Audacity is tough to do twice. The first time feels like inspiration; the second time can feel like calculation. NMH2 doesn't ease off on the stuff that grabbed our attention the first time. Suda's adolescent fascination with potty humor, sexual innuendo, splattering blood, and general bad-boy punkster 'tude permeates the sequel no less than the original.
But discovery is a precious one-time event, and NMH2 faces a nearly impossible task in that regard. This cleaned-up, streamlined version of Santa Destroy doesn't grab us by the throat as much as it eases our re-entry. The original NMH may have been a better experience than a game, but its sequel reverses that formula and the result feels less satisfying.
Remember that "joy of iteration" essay I wrote a while back?

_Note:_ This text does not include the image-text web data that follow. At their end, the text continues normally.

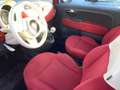 Fiat 500 1.2 By Gucci Rouge - thumbnail 11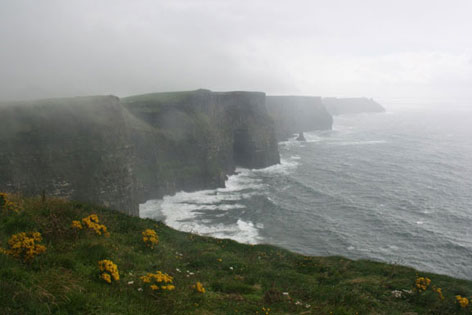 Irland 05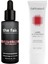 Kolajen Serum Ve Güneş Kremi Set 4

I guess I was lying.
It's hard to quantify such things, but NMH2 often feels less creatively invigorated than its predecessor. Indelible bosses like Doctor Peace and Harvey Moiseiwitsch Volodarskii have no equals in NMH2. The fabulously wacky boss intros are simplified and diminished, as are most of the strategies needed to beat them.
Remember receiving phone calls from Sylvia on your Wiimote? The baseballs slung at you in Destroy Stadium that required you to hit them? The sprinkler system used as a weapon to shock you with your katana? Surprising and clever little ideas like these are missing from NMH2, and the game suffers for it.

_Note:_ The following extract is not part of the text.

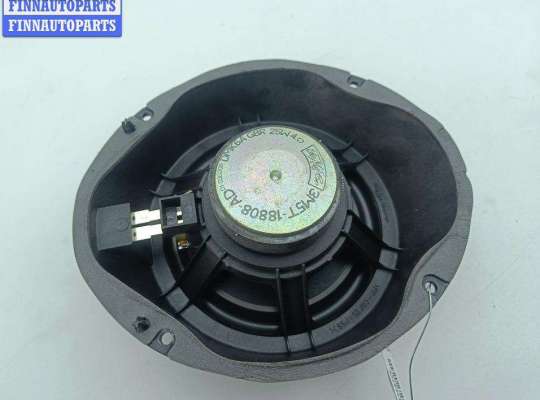 купить Динамик двери передней правой на Ford Focus II (2004-2011)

And I miss Travis' bike. Okay, okay, I know it was a pain to control, and I know the dead open world was a charming joke that wore off after about an hour. But Travis is a biker, and I say he needs his bike. I won't argue that an open world works better than NMH2's menu system, but I wish Grasshopper had found a way to connect Travis to his bike more inventively than an awful bike joust battle and an oddly meaningless open road ride near the end of the game.
After WWII, Italian Neorealism arose to challenge Hollywood's "tradition of quality," and the French New Wave later extended the argument. Those filmmakers objected to the values and standards of Hollywood production, arguing that such a system codified narrative and stylistic conventions and imprisoned artists in a paint-by-number process of filmmaking. The punk aesthetic Suda espouses advances the same essential argument.
Suda's second No More Heroes game makes a series of concessions to conventional game design that improve the game, but the overall experience feels diminished. So by embracing a certain tradition of quality, is Suda a sellout? Maybe, but I don't think so.
It seems to me NMH2 suffers, not because of its smoother interface and less irksome gameplay, but because the game feels less personal, less defiant, less inspired, less insistent...less like the creation of an uncompromising artist with a head full of big ideas.